REQUIREMENT:
Give the data again exactly as written, skipping any pictures.

SUPPLIED MATERIAL:
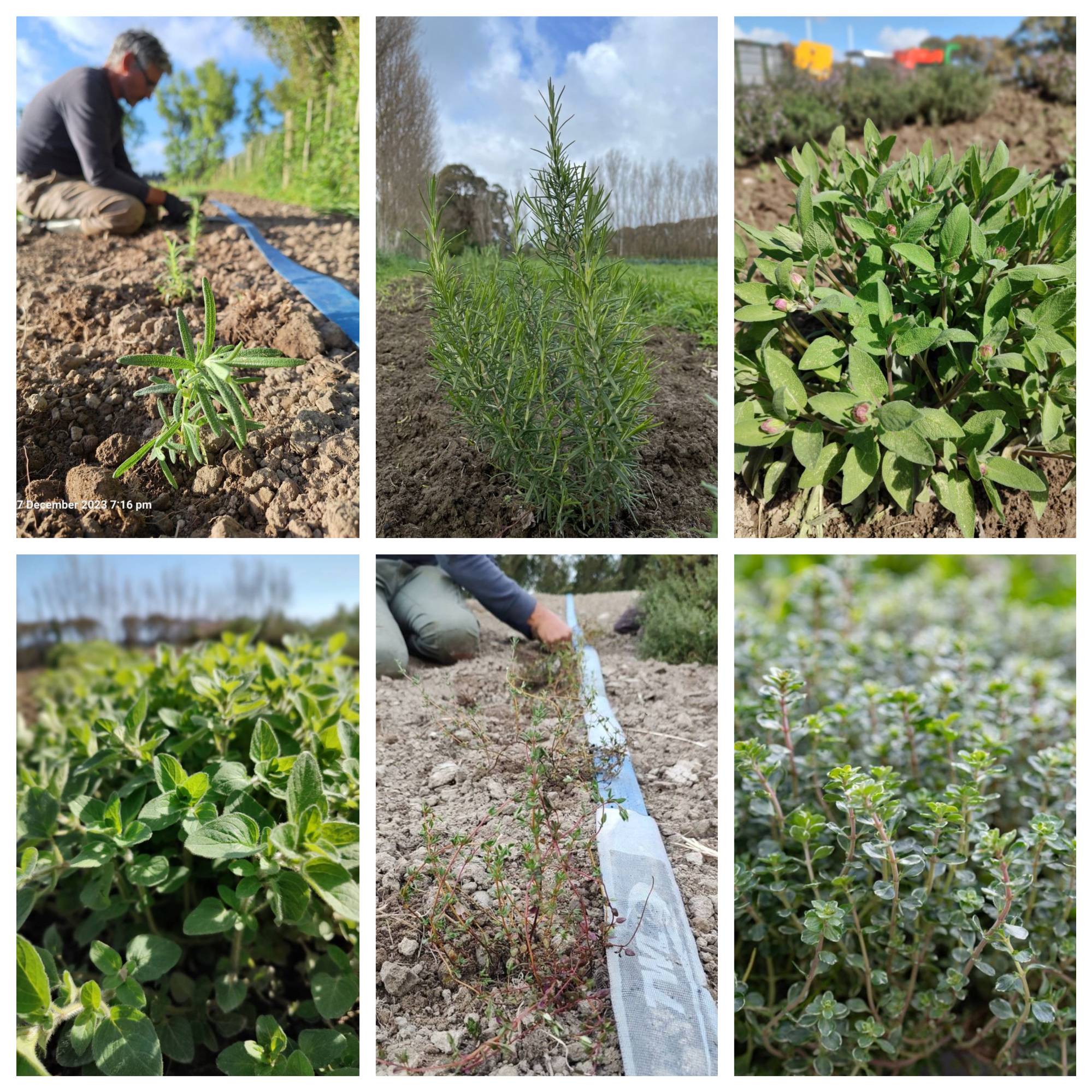 Add Flavour to Your Dishes using Live2Give Culinary Herbs!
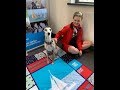 A Day with Louie the whippet, Therapy Dog at work at CatZero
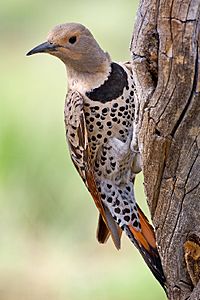 Northern Flicker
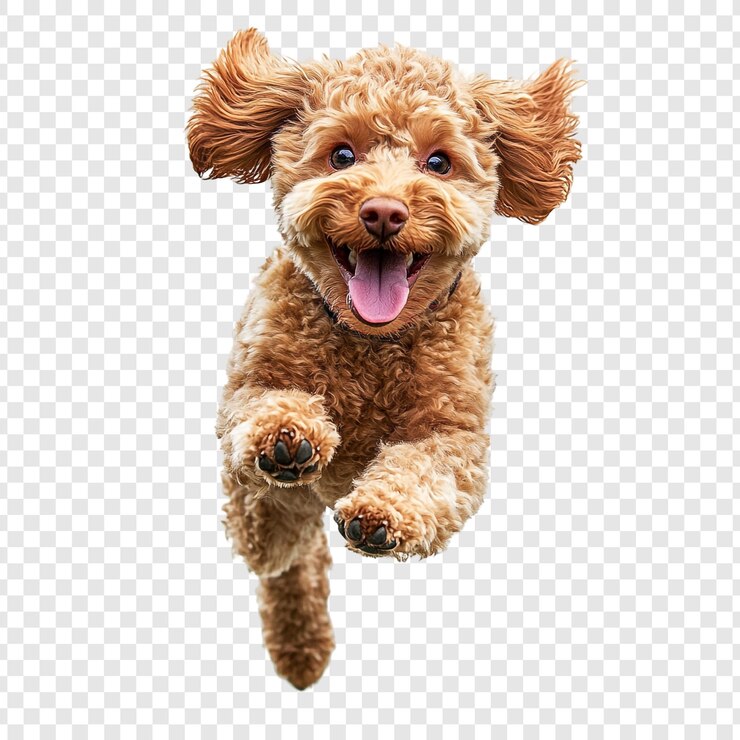 PSD cane felice che salta
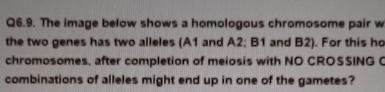 Solved Q6.9. ﻿The image below shows a homologous chromosome | Chegg.com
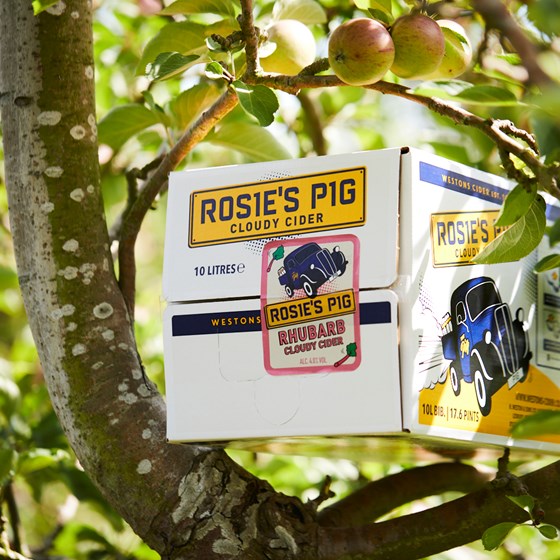 Rosie's Pig Cloudy Rhubarb Cider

TASK RESPONSE:
 Add Flavour to Your Dishes using Live2Give Culinary Herbs!
 A Day with Louie the whippet, Therapy Dog at work at CatZero
 Northern Flicker
 PSD cane felice che salta
 Solved Q6.9. ﻿The image below shows a homologous chromosome | Chegg.com
 Rosie's Pig Cloudy Rhubarb Cider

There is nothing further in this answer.